Das Stück spielt in der Gegenwart. Es geht um Marie und Jo, ein Paar im besten Alter mit besten Aussichten und besten Kontakten. Schick ist die Wohnung, fein ihre Lage. Das Haus mit Garten ist dennoch bereits in Planung – Klein-Sebastian soll es dereinst noch besser haben. Und Marie will ihre Mutterschaft in Dichtung ausleben: Auf ihr Märchen von Prinzessin Gundi hat die Menschheit gewartet, zumindest der Kinderbuchverlag.

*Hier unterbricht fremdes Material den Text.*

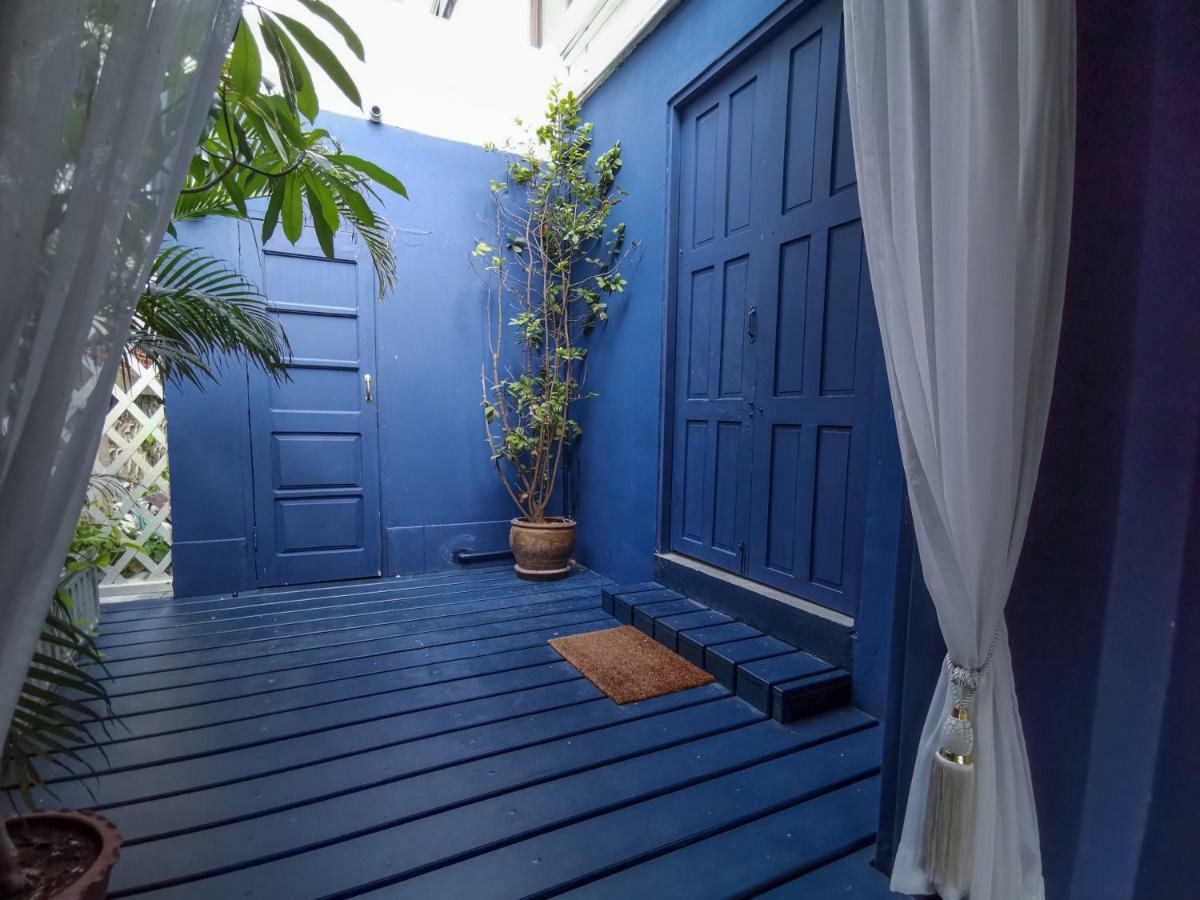 Vimala Residence (Adults Only) Bangkok Exterior photo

Die diplomierte jugoslawische Putzfrau darf sich ihre ewigen Kriegsgeschichten von der Seele wienern, der reiche Schwiegervater beim Babysitten endlich sein Humankapital investieren und Jo als Key Account Manager das Geld herbeischaffen. Und zwischendurch wird in Kultur gemacht. Alles bestens eigentlich. Aber dann. Dann kommt erst Maries Hippie-Mutter vorbei und danach ein Brief aus dem Buchverlag.

In der Szene, die wir mit freundlicher Genehmigung des Gustav Kiepenheuer Bühnenvertriebes hier vorab veröffentlichen, ist die Mutter gerade eingetroffen.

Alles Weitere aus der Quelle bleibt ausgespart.